== Task directions ==
Your output consists solely of the lines from the one that contains "Fahrzeugabbildung Mercedes-Benz Actros" to the end of the material, each reproduced exactly; pictures do not belong in it.

[Opening The data section]

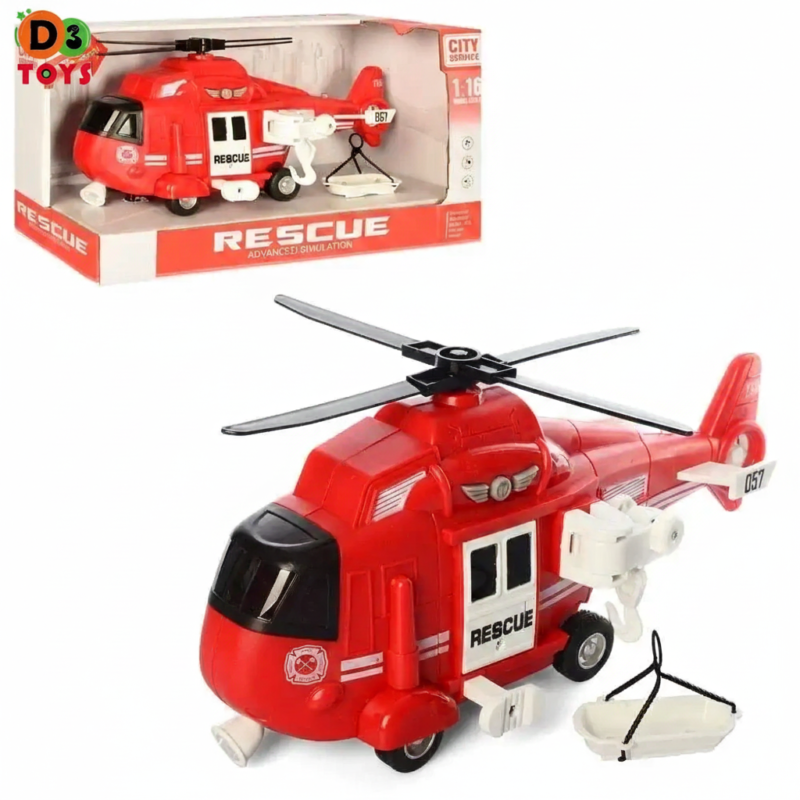 Hélicoptère de Secours Enfant – City Rescue 1:16 avec Accessoires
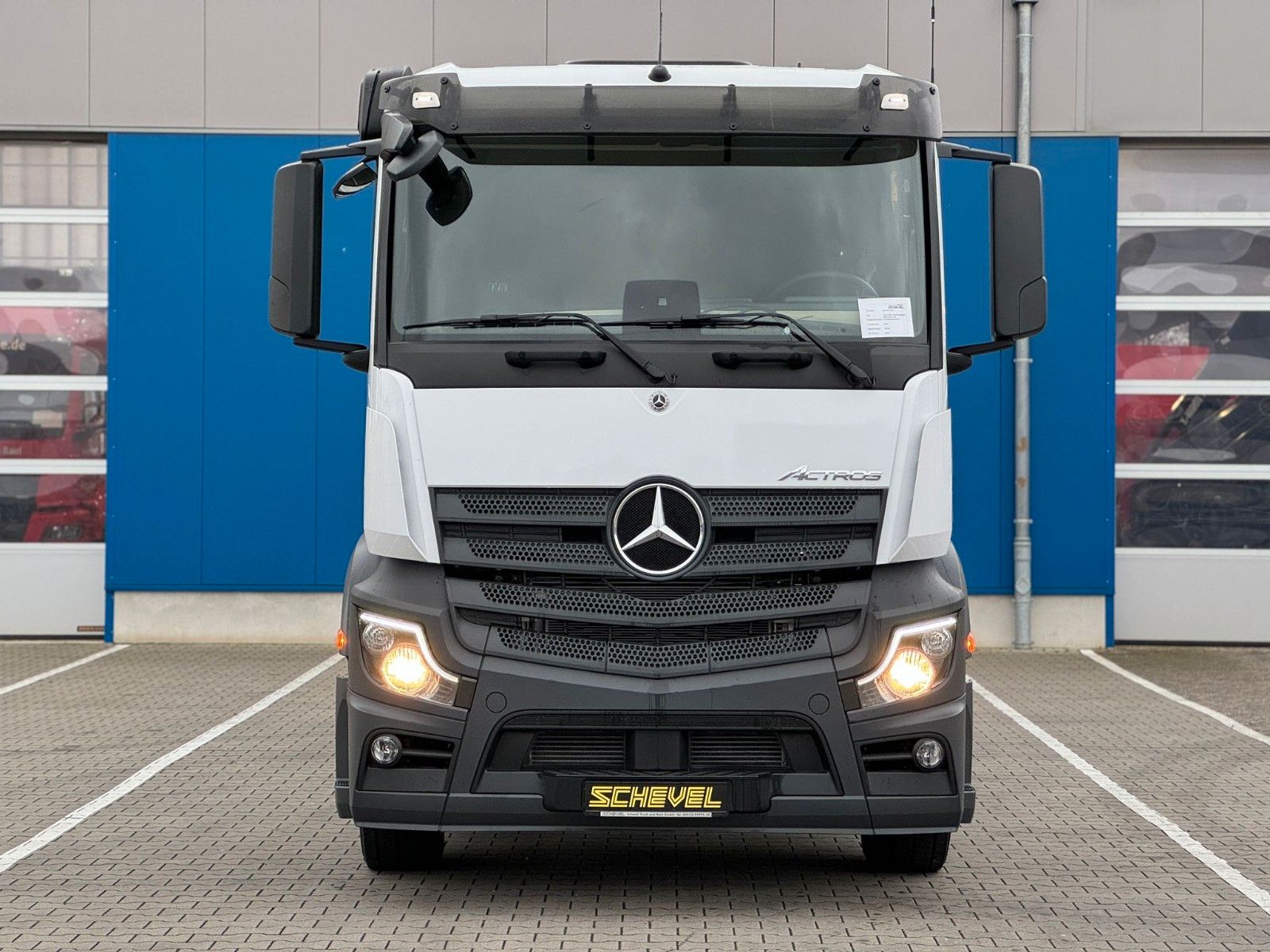 Fahrzeugabbildung Mercedes-Benz Actros 2645 6x4 Abrollkipper Meiller 21.65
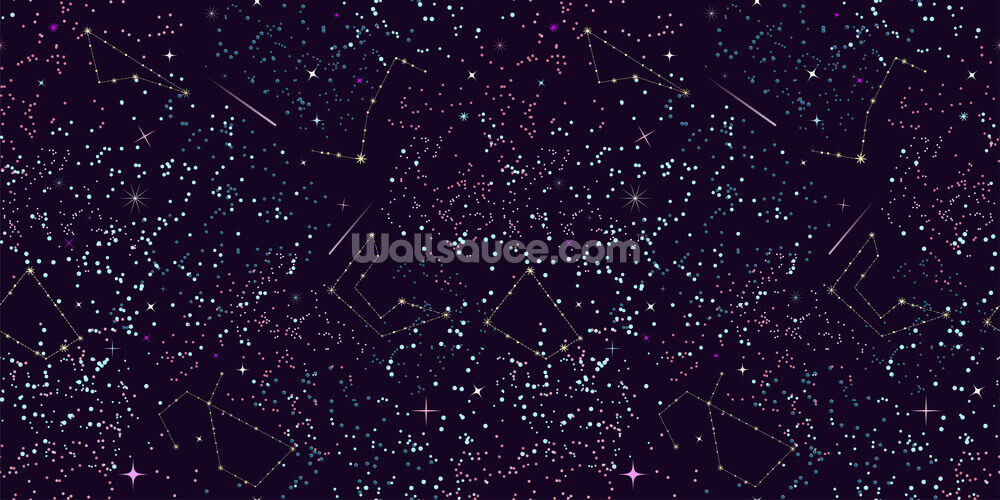 Vliegende Meteoren en sterren behang Vliegende Meteoren en sterren behang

[Closing The data section]

== Task output ==
 Fahrzeugabbildung Mercedes-Benz Actros 2645 6x4 Abrollkipper Meiller 21.65
 Vliegende Meteoren en sterren behang Vliegende Meteoren en sterren behang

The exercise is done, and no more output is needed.